Monsieur Sogoyou Kokou Kéguéwé, nommé en 1996, est resté en poste comme ambassadeur du Togo en Allemagne jusqu´en 2001. Aujourd´hui Monsieur Sogoyou, malgré son passé sulfureux à Kara au début de la démocratisation à l´orée des années 90, se prend pour le «grand panafricaniste» sur la chaîne de télévision «New World TV». A-t-il lui-même oublié son passé, ou croit-il que les Togolais ont la mémoire courte? En tout cas, en dehors des nouvelles générations mal informées et des naïfs, les gesticulations de Sogoyou Kéguéwé qui, après avoir supporté bec et ongles la dictature du père, supporte aujourd´hui celle du fils Faure Gnassingbé, ne peuvent naturellement pas être authentiques.

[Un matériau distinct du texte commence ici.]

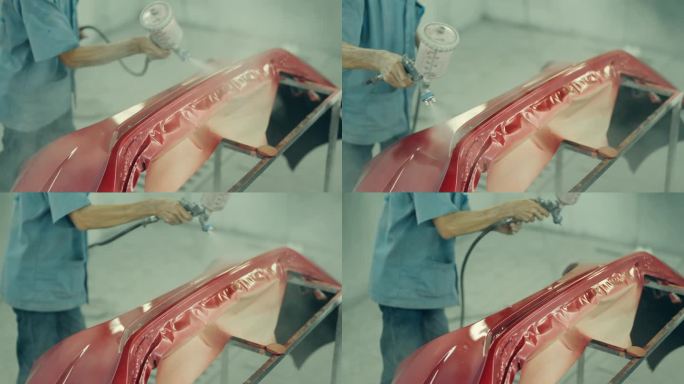 精密汽车涂装:亚洲技师美化保险杠和车身。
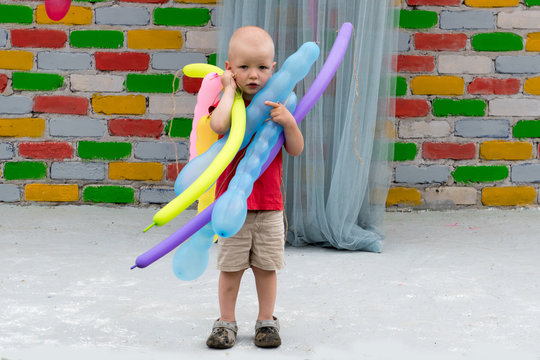 Cute boy with shaved head in red T-shirt with colored balloons against multi colored brick wall.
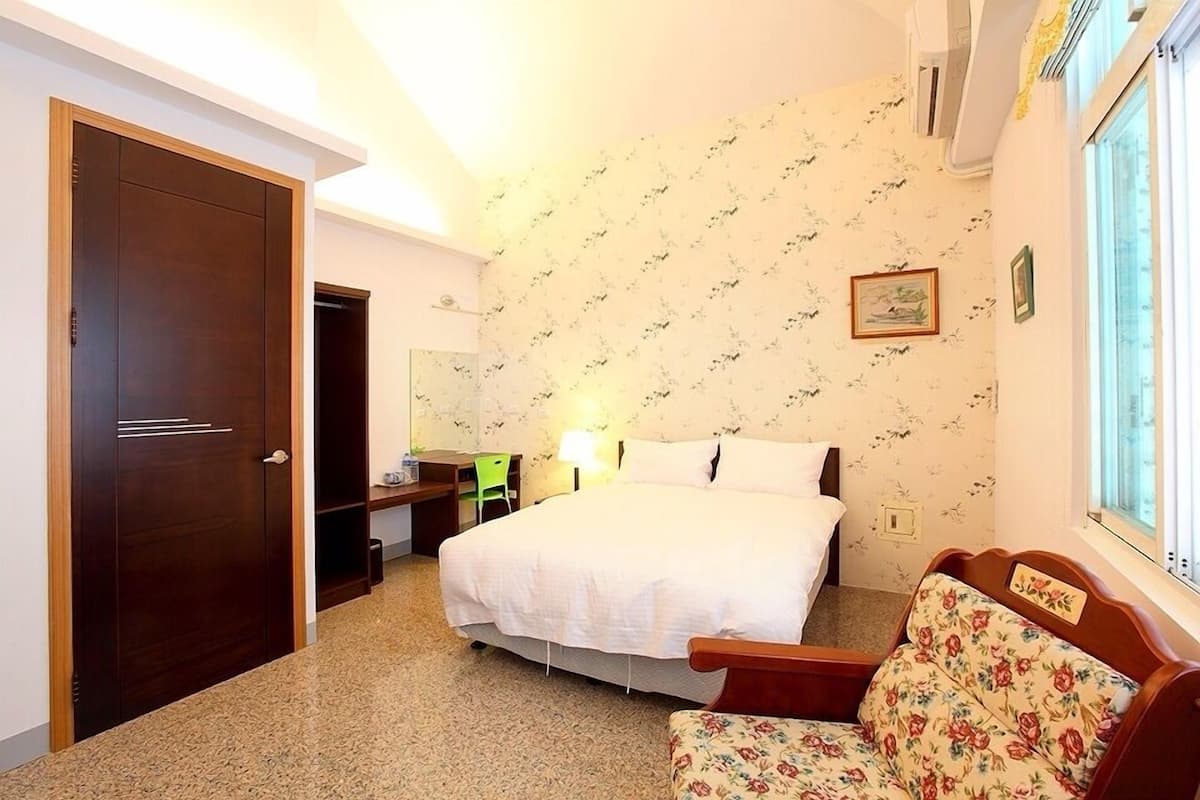 Una habitación de hotel con cama, escritorio, silla y sofá.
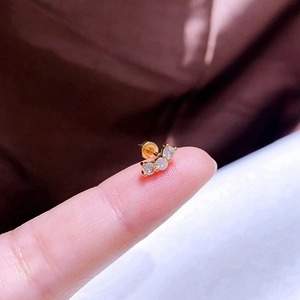 Nahaufnahme eines kleinen goldenen Bogens mit drei klaren Zirkonias auf einer Fingerspitze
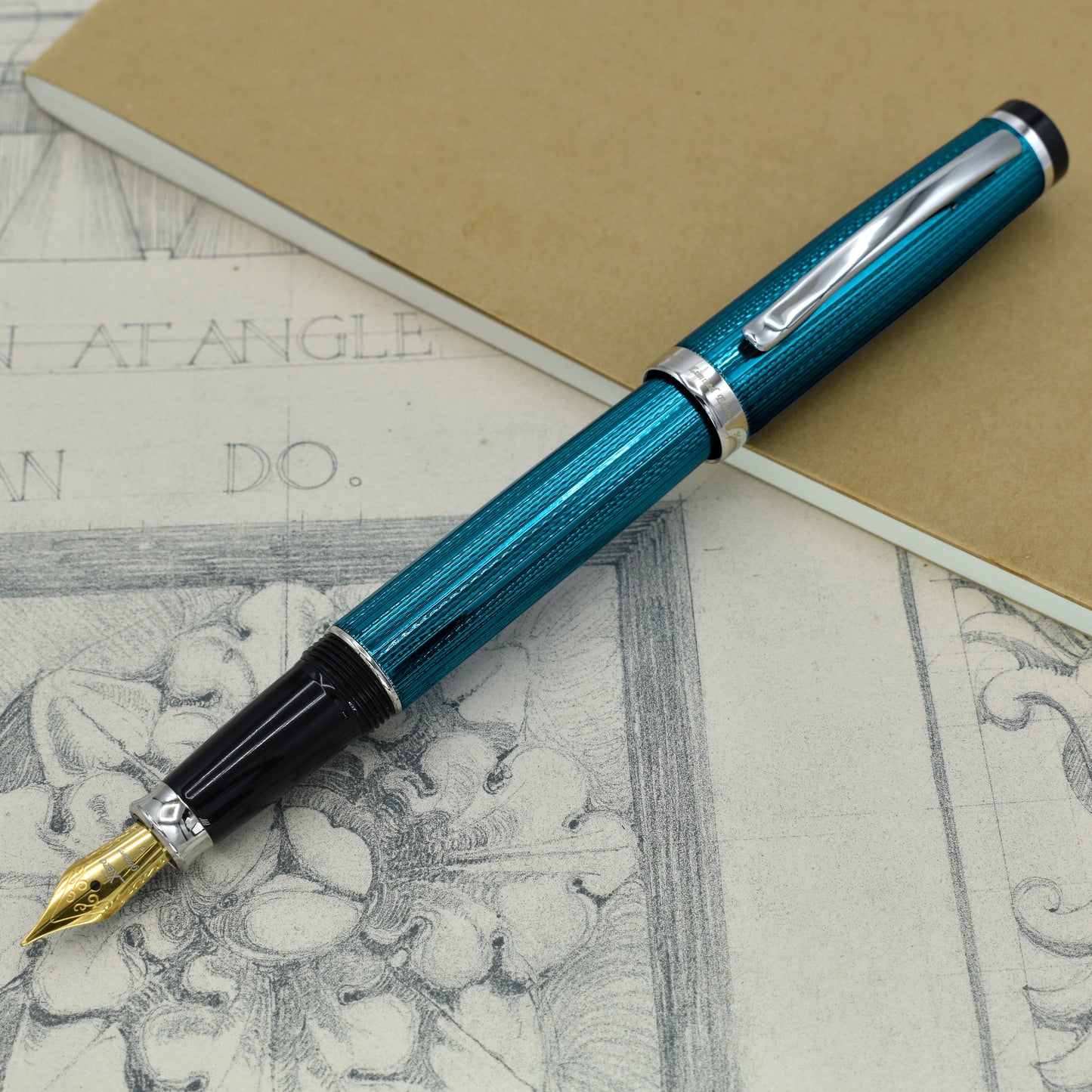 Incognito Blue F-1 Fountain pen with antique architectural sketches and a notebook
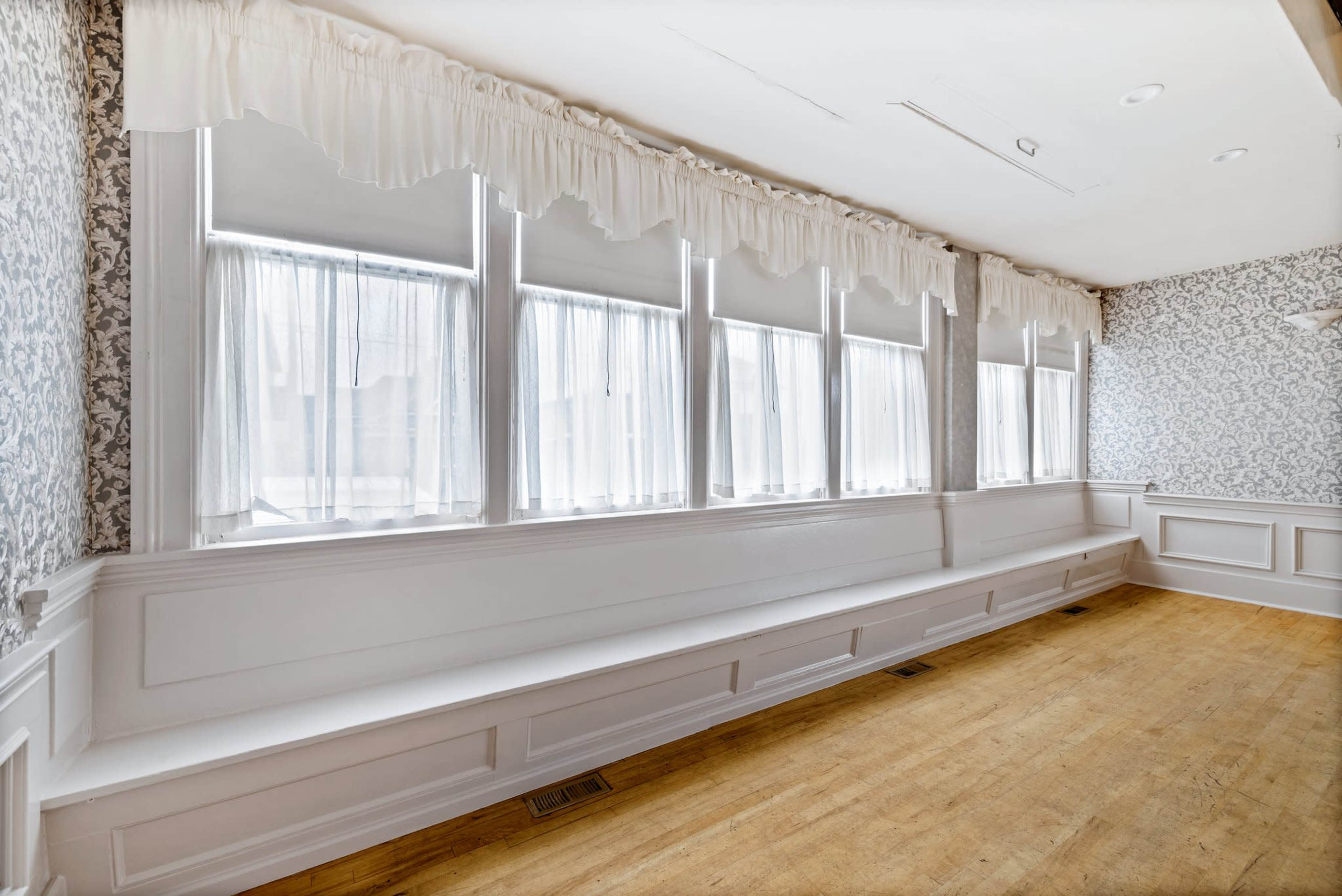 A brightly lit room features large windows with white curtains and patterned wallpaper.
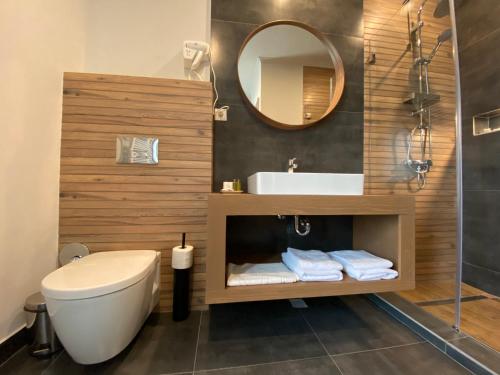 La salle de bains est pourvue de toilettes, d'un lavabo et d'un miroir. dans l'établissement CoolKush Boutique, à Constanţa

Par ailleurs, nous ne nous faisons pas d´illusions, sauf surprise, que le Colonel Ouro-Koura Agadazi, après cette levée de boucliers par CODITOGO et par tous les Togolais démocrates, ne s´installe pas à Paris en tant qu´ambassadeur de notre pays. Car un régime de dictature comme celui que nous avons au Togo, reste malheureusement un régime de dictature pour qui «le chien aboie, la caravane passe.» Mais pour combien de temps encore?